* _Task_
Omit all pictures, then retype the data exactly as given.

Image-text web data
»»

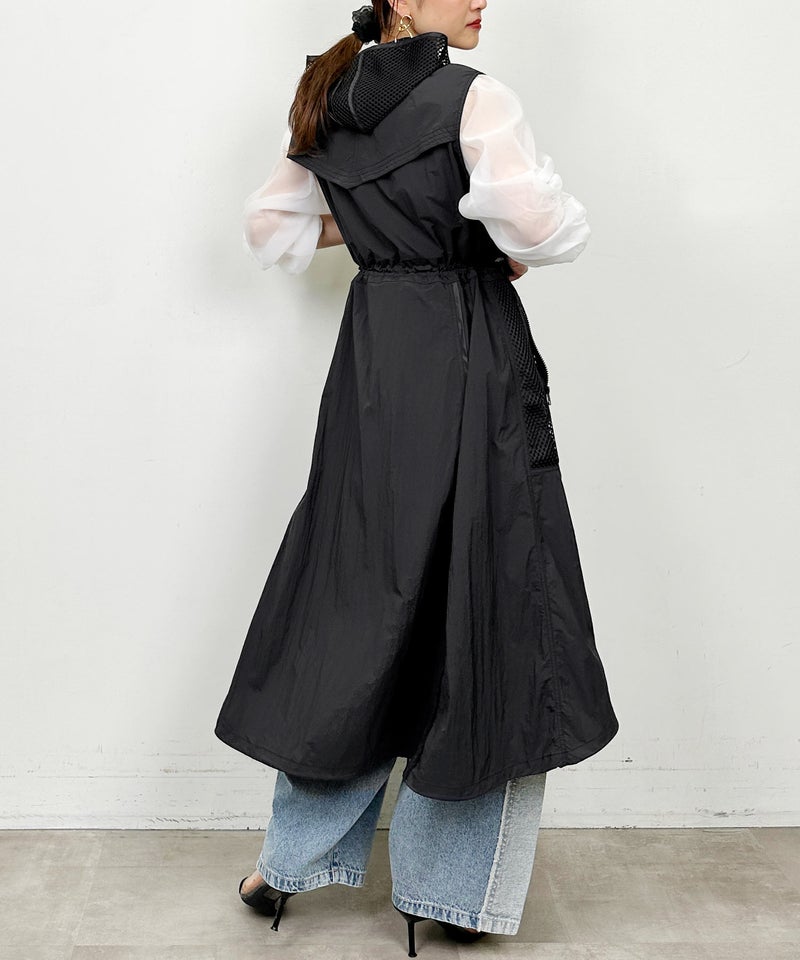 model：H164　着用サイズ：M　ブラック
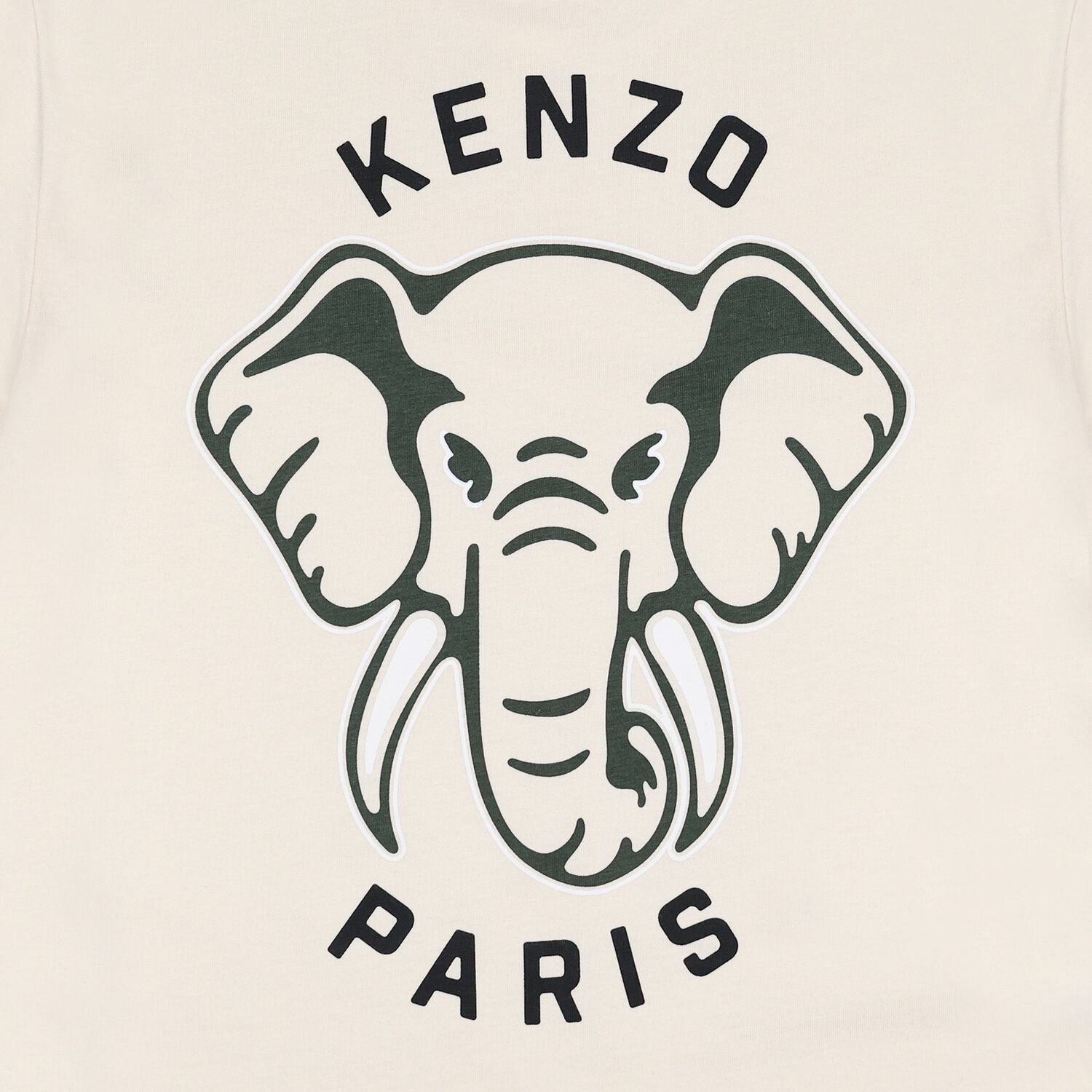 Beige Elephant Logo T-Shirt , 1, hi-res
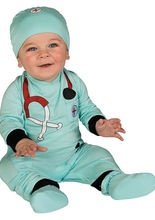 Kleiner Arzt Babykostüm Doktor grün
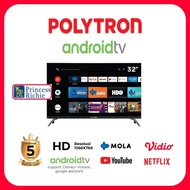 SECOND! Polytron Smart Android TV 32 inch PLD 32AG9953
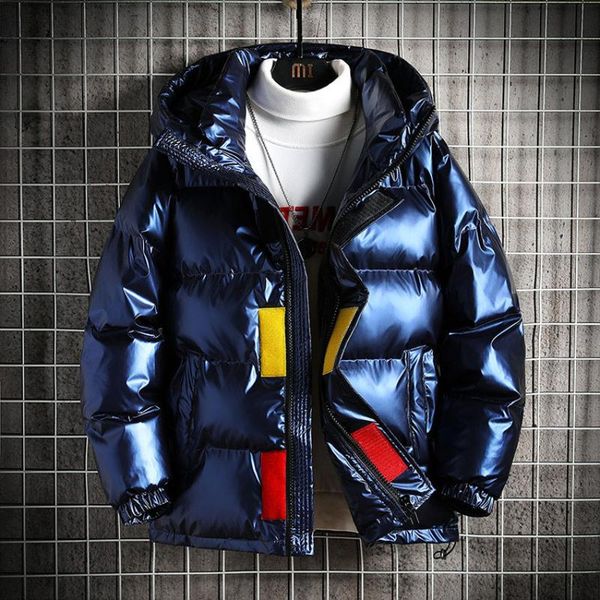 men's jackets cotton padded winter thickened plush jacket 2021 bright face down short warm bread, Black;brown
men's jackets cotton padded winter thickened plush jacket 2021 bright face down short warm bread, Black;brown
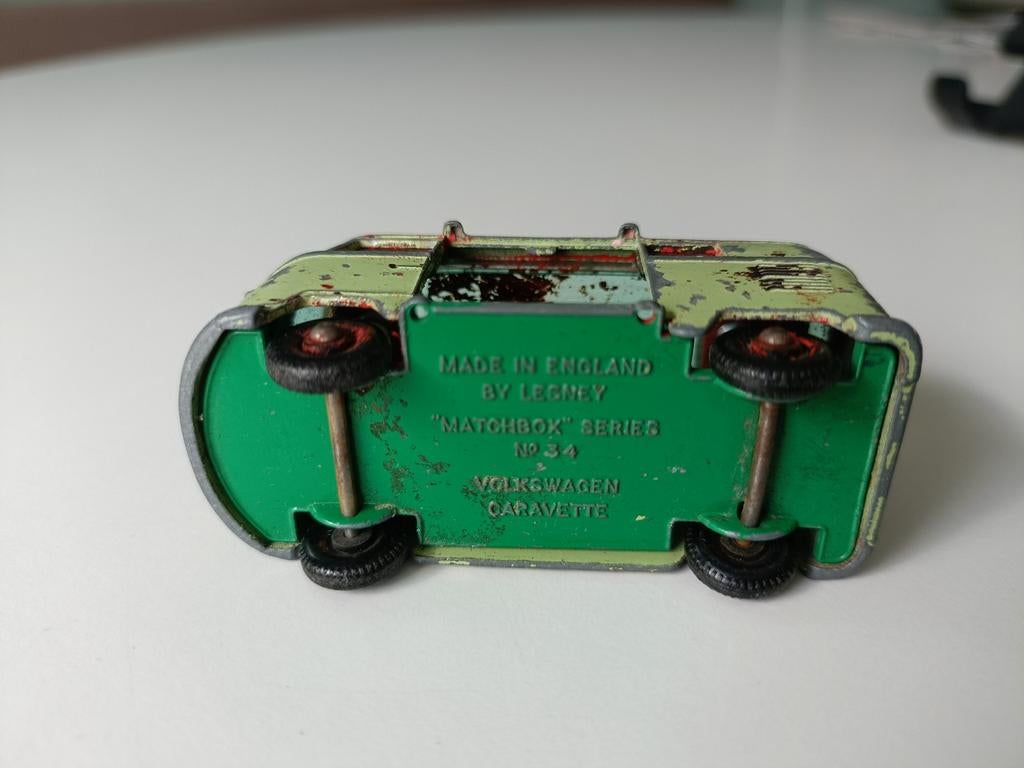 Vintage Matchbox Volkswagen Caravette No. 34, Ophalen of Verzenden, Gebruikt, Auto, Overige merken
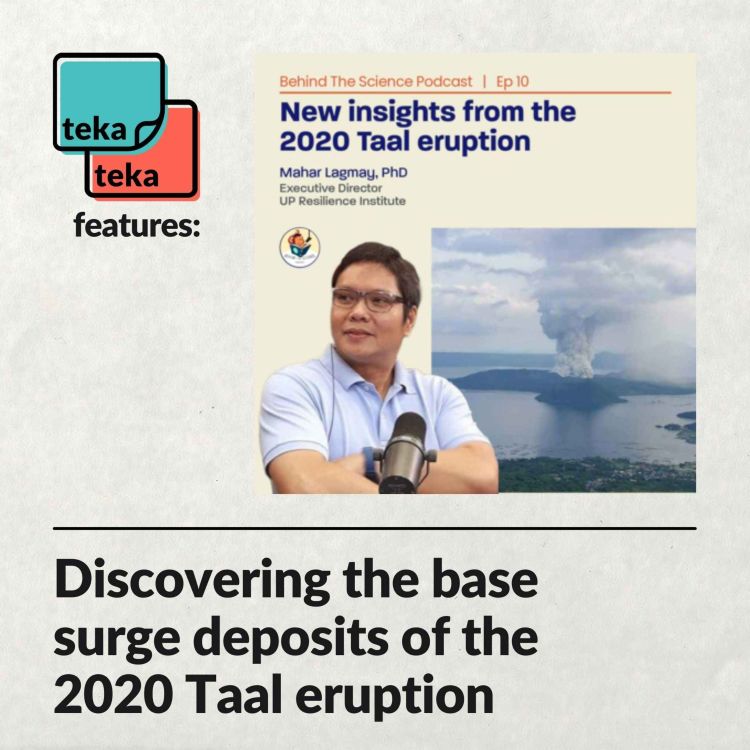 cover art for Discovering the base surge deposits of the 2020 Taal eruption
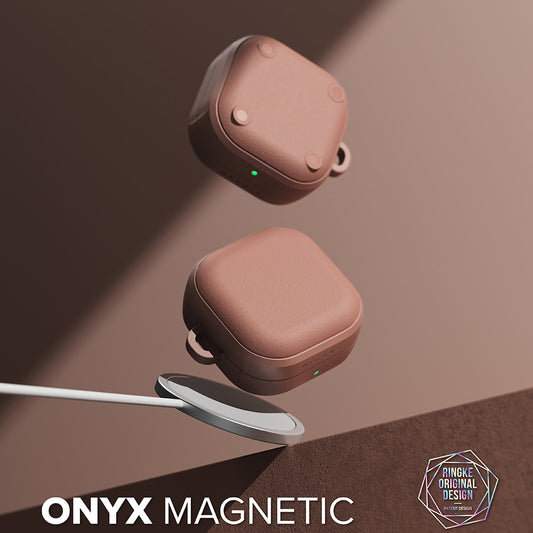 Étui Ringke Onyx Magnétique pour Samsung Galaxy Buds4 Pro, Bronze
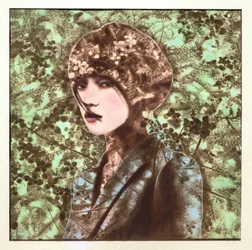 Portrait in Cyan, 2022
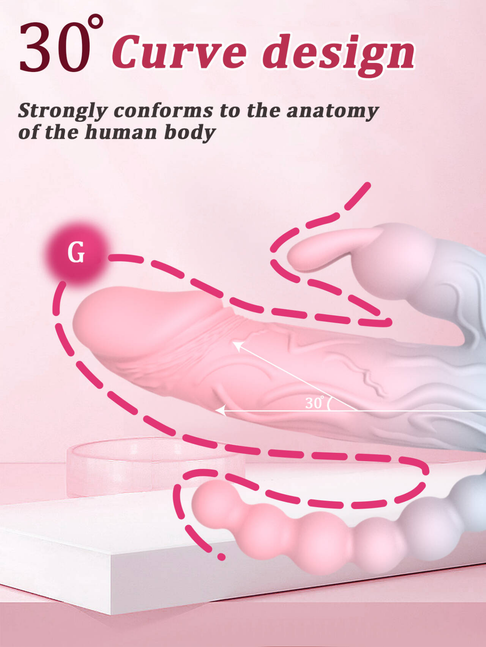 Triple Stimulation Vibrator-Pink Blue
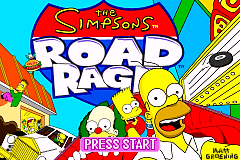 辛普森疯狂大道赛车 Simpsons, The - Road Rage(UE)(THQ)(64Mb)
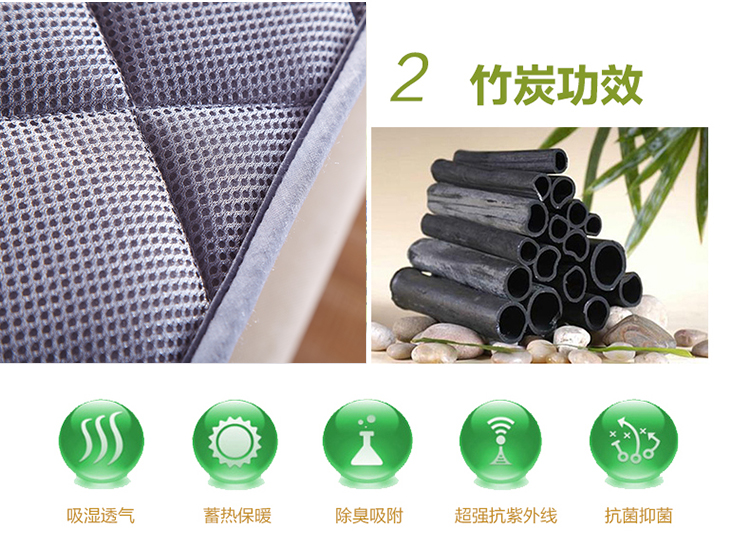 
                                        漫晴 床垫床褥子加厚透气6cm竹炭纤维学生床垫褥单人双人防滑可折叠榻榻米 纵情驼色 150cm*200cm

««

* _Output for this task_
 model：H164　着用サイズ：M　ブラック
 Beige Elephant Logo T-Shirt , 1, hi-res
 Kleiner Arzt Babykostüm Doktor grün
 SECOND! Polytron Smart Android TV 32 inch PLD 32AG9953
 men's jackets cotton padded winter thickened plush jacket 2021 bright face down short warm bread, Black;brown
men's jackets cotton padded winter thickened plush jacket 2021 bright face down short warm bread, Black;brown
 Vintage Matchbox Volkswagen Caravette No. 34, Ophalen of Verzenden, Gebruikt, Auto, Overige merken
 cover art for Discovering the base surge deposits of the 2020 Taal eruption
 Étui Ringke Onyx Magnétique pour Samsung Galaxy Buds4 Pro, Bronze
 Portrait in Cyan, 2022
 Triple Stimulation Vibrator-Pink Blue
 辛普森疯狂大道赛车 Simpsons, The - Road Rage(UE)(THQ)(64Mb)
                                        漫晴 床垫床褥子加厚透气6cm竹炭纤维学生床垫褥单人双人防滑可折叠榻榻米 纵情驼色 150cm*200cm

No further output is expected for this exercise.